Sydney (AFP) - A kangaroo dressed in leopard-print has been found shot dead on an Australian roadside tied to a chair and holding a bottle of booze, sparking outrage over the killing Wednesday. The animal, wearing a patterned shawl and propped up with the ouzo drink in its lifeless arms, was discovered in Melbourne’s northeast by a passer-by. “The kangaroo had been shot at least three times, prior to it being arranged in the chair,” said Victoria state Department of Environment, Land, Water and Planning senior investigator Mike Sverns.

Woo! Man. Everyone ok? Let’s take a minute and just digest for a second, it’s not safe to swim 30 minutes after eating and it’s not safe to read after having your fucking mind blown by a cross-dressing kangaroo getting murdered.

And make no mistake about it, that’s what this was: a murder. I don’t necessarily get all sappy for animals but some get hunted, some get just killed, and partying kangaroos in leopard print get fucking murdered. By the way, that’s how crazy this headline is: they didn’t even get to the bottle of ouzo (wouldn’t have been my choice but I don’t judge what other men or kangaroos drink). They couldn’t fit that in 140 characters because they were too preoccupied with the shawl, the shooting, and the ritualistic posing of the animal.

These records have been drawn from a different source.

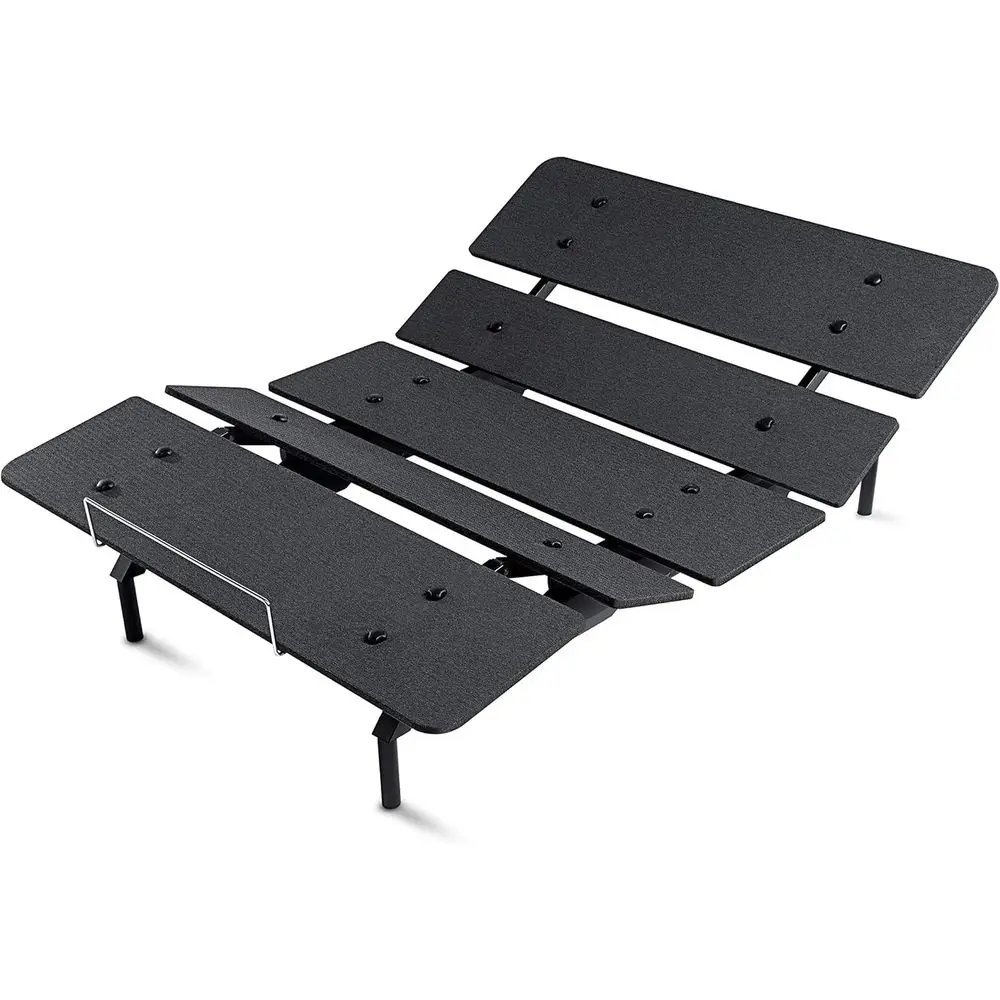 

TwinXL Ergonomic Adjustable Bed Base with Wireless Remote, Memory Positions, Anti-Snore, Child Lock, Easy Setup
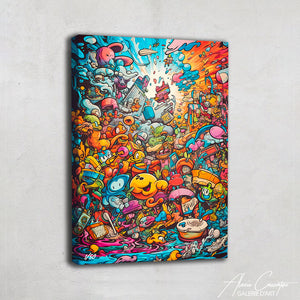 tableau pop art graffiti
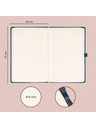NOTIQUE NOTIQUE Notes Aprint Neo, kék, pöttyös, 15 x 21 cm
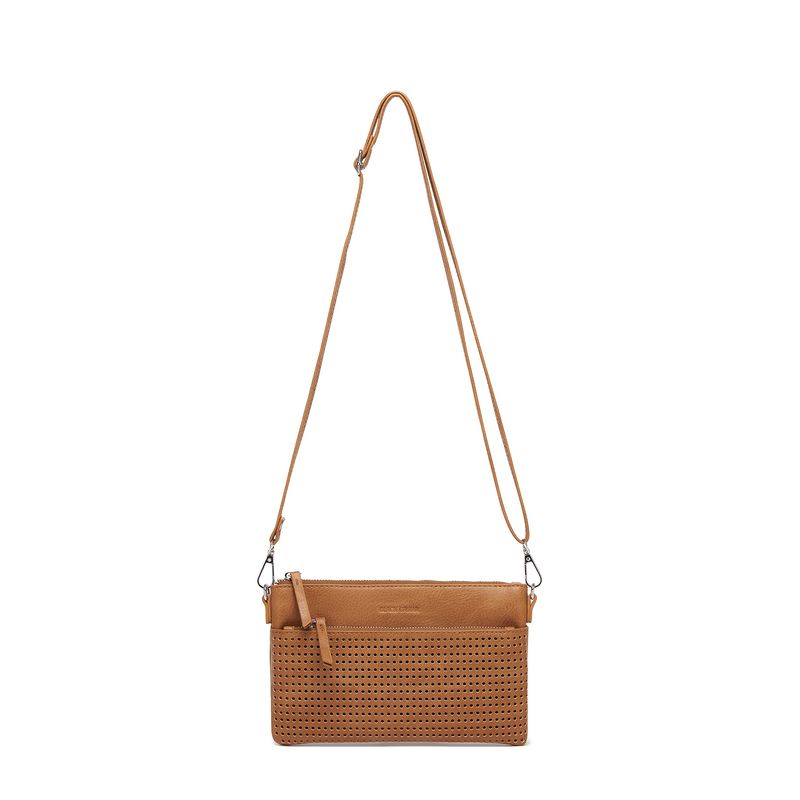 BLACK CAVIAR BAGS - MILLA CROSSBODY/CLUTCH - TAN
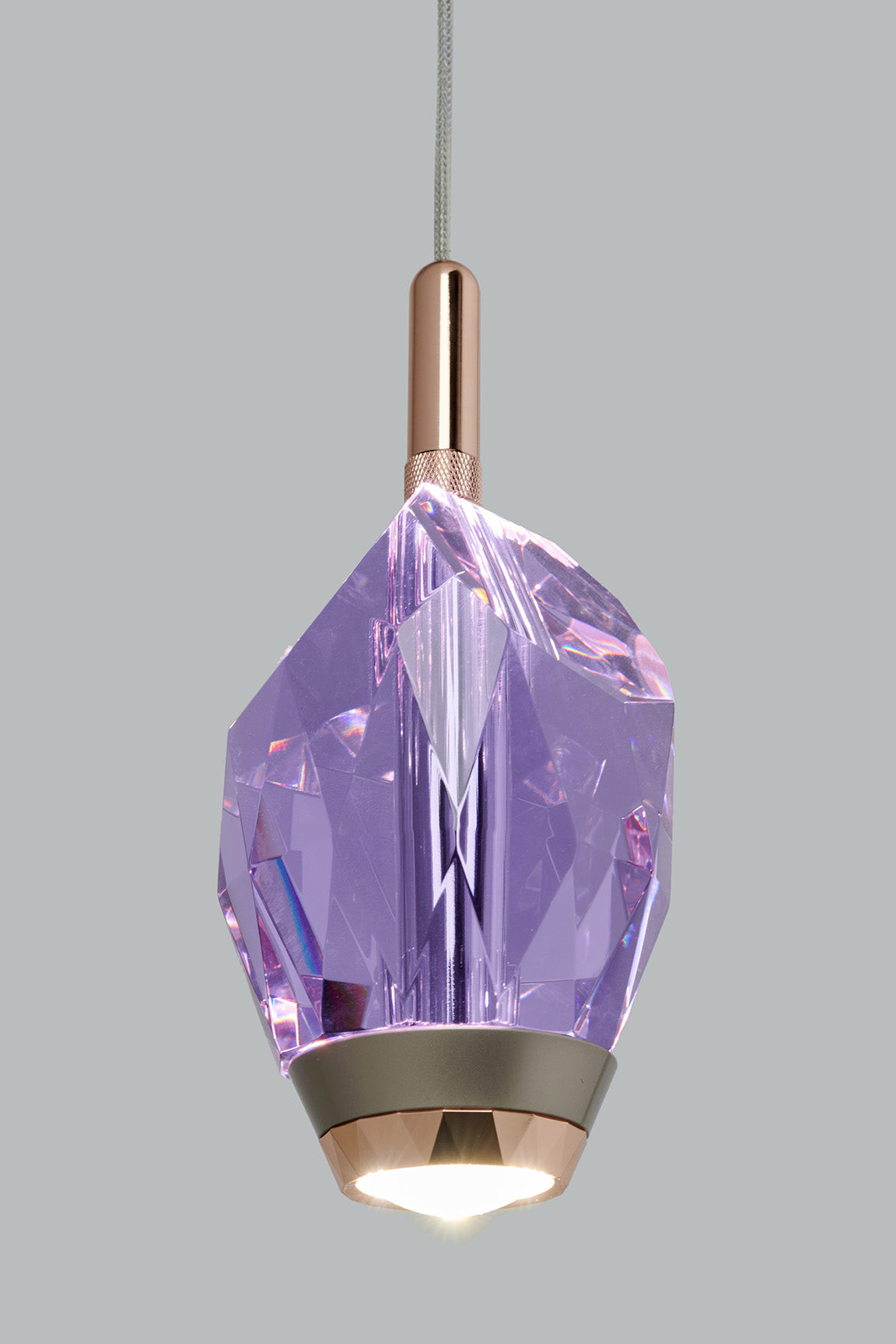 Single Amethyst Light Chandelier 926/1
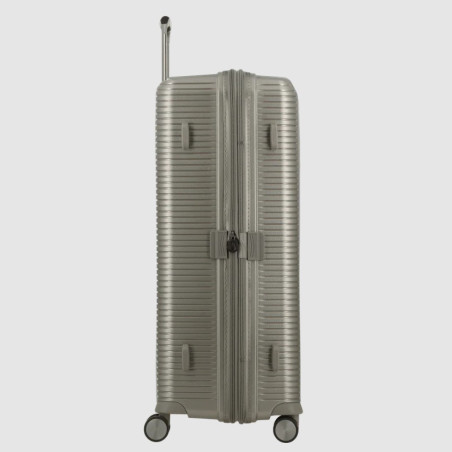 Jump Sondo 77cm Expandable Hard Shell 4-Wheel Champagne Suitcase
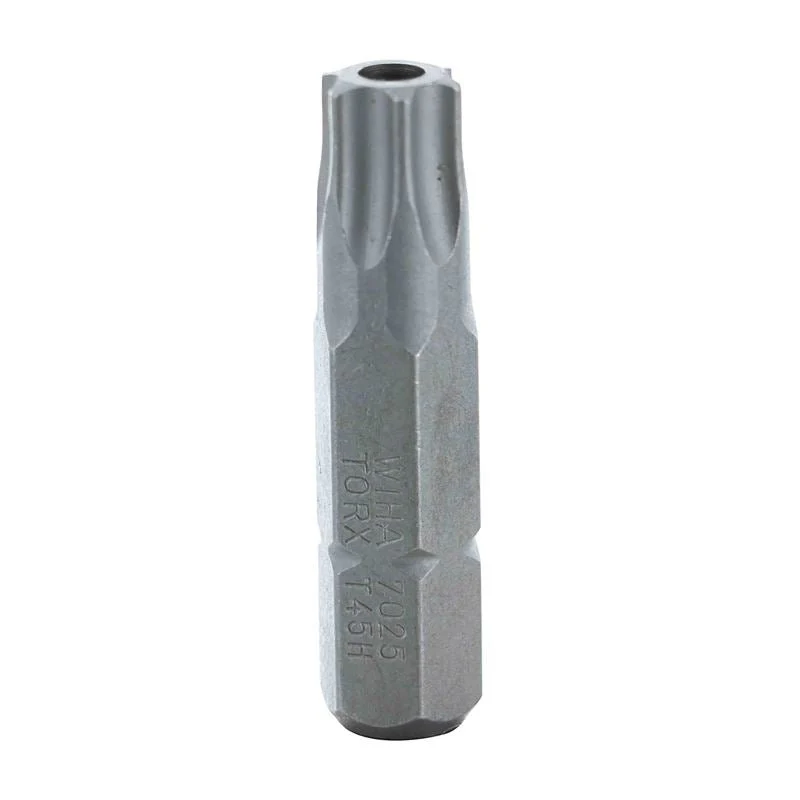 Wiha Security Torx Insert Bit 5/16 Dr T45s Pack of 10 Bits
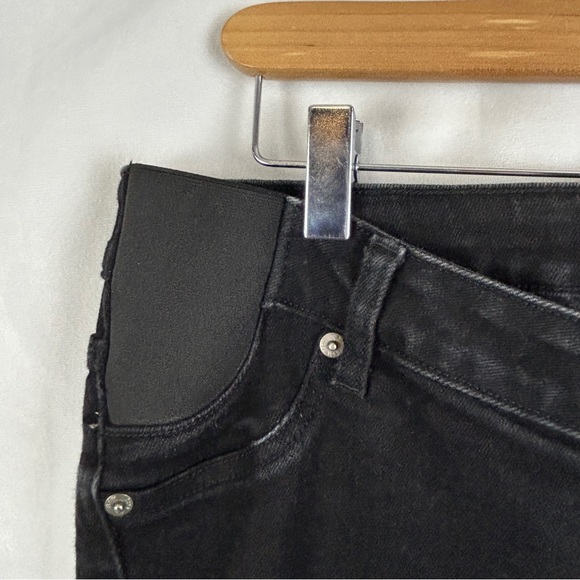 GAP Maternity Vintage Slim Black Jeans Side Inset Panel Size 12/31 reg‎ - Picture 5 of 8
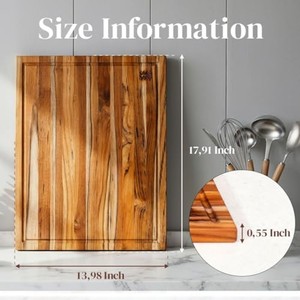 Planche à découper en teck de qualité supérieure, vente en gros |   Fabriqué à la main à Moradabad, Inde - Product Image 2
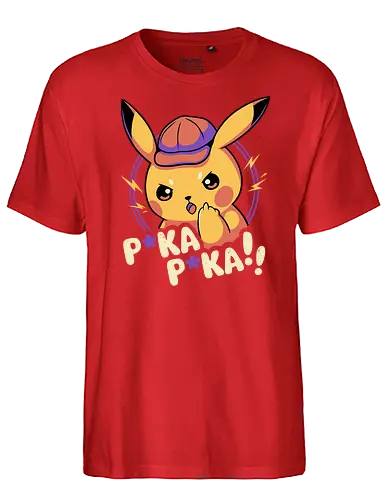 Bad Cop - detective, pocket, monster, Fluch, Curse - Fairtrade T-Shirt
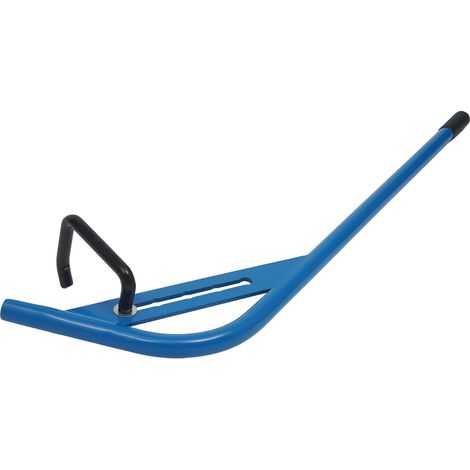 Séparateur de châssis automobile, réglage à 5 niveaux, construction en acier durable, Bleu (1/2)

That’s the part that some people might have a problem with, the whole staging situation. But you know what? I’m ok with it because I think that’s how I’d like to go out, I don’t care if I die of a heart attack, stage me in some incredibly memorable crime scene. Heroes get remembered, kangaroos drinking ouzo in nana’s shawl with three bullet holes in their chest never die. I mean how many kangaroos are killed in Australia every year? 50 million, roughly? Every single one of those are immediately forgotten, every one except this fella.